Odkrycia były alarmujące, ujawniając obecność toksycznych chemikaliów w znacznej części badanych artykułów, bo w ośmiu z 21. Jeszcze bardziej niepokojące było odkrycie tych szkodliwych substancji w ubraniach dla niemowląt, co rodzi poważne pytania o bezpieczeństwo dzieci. W sukience dla niemowląt znaleziono... antymon. To nie jest coś, na co małe dzieci powinny być wystawione.
Na Spider's Web dowiesz się wszystkiego o Shein:
Ale problemy na tym się nie kończyły. Również odzież dla dorosłych wykazywała niepokojące wyniki. W sandałach damskich stwierdzono obecność ołowiu i kadmu, metali ciężkich o znanym i szkodliwym wpływie na zdrowie. Sandały męskie były równie problematyczne, przekraczając limity dla substancji rakotwórczych i zawierając ftalany.
Test uwypuklił również ulotną naturę mody Shein.

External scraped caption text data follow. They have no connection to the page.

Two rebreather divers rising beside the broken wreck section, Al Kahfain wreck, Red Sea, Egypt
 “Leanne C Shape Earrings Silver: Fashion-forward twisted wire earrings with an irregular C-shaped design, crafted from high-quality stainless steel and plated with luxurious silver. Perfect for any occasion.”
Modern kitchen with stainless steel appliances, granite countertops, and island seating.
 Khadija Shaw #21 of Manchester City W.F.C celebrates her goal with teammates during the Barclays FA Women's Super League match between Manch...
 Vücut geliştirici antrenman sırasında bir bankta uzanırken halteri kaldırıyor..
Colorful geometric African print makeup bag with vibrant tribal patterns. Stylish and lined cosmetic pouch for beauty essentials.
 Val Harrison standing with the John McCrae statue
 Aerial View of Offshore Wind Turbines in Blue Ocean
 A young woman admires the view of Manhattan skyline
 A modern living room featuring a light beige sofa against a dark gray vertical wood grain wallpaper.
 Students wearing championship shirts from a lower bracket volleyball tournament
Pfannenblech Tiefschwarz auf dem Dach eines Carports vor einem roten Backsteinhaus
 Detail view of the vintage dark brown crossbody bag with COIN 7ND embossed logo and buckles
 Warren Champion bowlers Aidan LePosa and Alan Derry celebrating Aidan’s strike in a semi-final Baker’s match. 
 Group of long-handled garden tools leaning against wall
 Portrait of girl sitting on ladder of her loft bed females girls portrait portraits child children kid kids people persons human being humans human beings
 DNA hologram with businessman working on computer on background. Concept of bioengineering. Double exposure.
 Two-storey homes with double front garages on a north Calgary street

Sandały rozpadały się po kilku tysiącach kroków, a niektóre ubrania znacznie się kurczyły po praniu. Öko-Test podkreślił jednorazowość tych produktów i ich wkład w narastający kryzys środowiskowy.
Reakcja Shein? Po fakcie
W obliczu poważnych zarzutów wysuniętych przez Öko-Test, Shein nie pozostał obojętny. Firma wydała oświadczenie, w którym zapewnia, że traktuje wyniki testów z "najwyższą powagą". W ramach działań prewencyjnych i "zgodnie z własnymi procedurami bezpieczeństwa", Shein zobowiązał się do wycofania z obrotu produktów, które według Öko-Test nie spełniają wymogów bezpieczeństwa.
Świetnie, że megakorporacja, która zarabia codziennie miliony na sprzedawaniu jednorazowych ubrań (i to niekiedy toksycznych), dopiero po fakcie i byciu sprawdzonym przez zewnętrzną firmę, podkula ogon i mówi "przepraszam".
Jeśli sytuacja nie powtórzy się za rok - przynajmniej tyle. Tylko problem w tym, że Shein wprowadza na rynek setki przeróżnych ubrań. I te 21 przetestowanych to tylko kropla w morzu tego, co można kupić na platformie. Jak dla mnie, to największa przestroga: bo wychodzi na to, że masz 30 proc. szansy na to, że trafisz na coś toksycznego, gdy zdecydujesz się na groszowe ubrania.
Poniżej podajemy oświadczenie, przesłane nam przez Shein:
SHEIN priorytetowo traktuje bezpieczeństwo i zdrowie wszystkich swoich klientów. Wymagamy od naszych dostawców przestrzegania ścisłych wytycznych i standardów, które zgodne są z europejskimi oraz globalnymi normami, takimi jak REACH. Współpracujemy z wiodącymi, międzynarodowymi, zewnętrznymi agencjami w celu przeprowadzania regularnych kontroli zapewniającymi zgodność ze standardami. W zeszłym roku przeprowadziliśmy ponad 400,000 testów dotyczących bezpieczeństwa chemicznego z tymi agencjami.
Spośród 11 produktów odzieżowych, które zostały uznane przez Öko-Test za niespełniające norm, SHEIN przesłał ich próbki do agencji TÜV, zajmującej się kontrolą, inspekcją i certyfikacją bezpieczeństwa, w celu ponownego sprawdzenia. Dotychczasowe wyniki testów TÜV wskazują, że wszystkie przebadane produkty odzieżowe są zgodne z regulacjami europejskiego REACH i POP.
Bardzo poważnie traktujemy ustalenia Öko-Test, dlatego wycofaliśmy dwa produkty obuwnicze, które według tej organizacji nie spełniały wymogów prawnych. Jest to środek zapobiegawczy, zgodny z naszymi własnymi protokołami bezpieczeństwa, stosowany do czasu zakończenia naszego wewnętrznego śledztwa.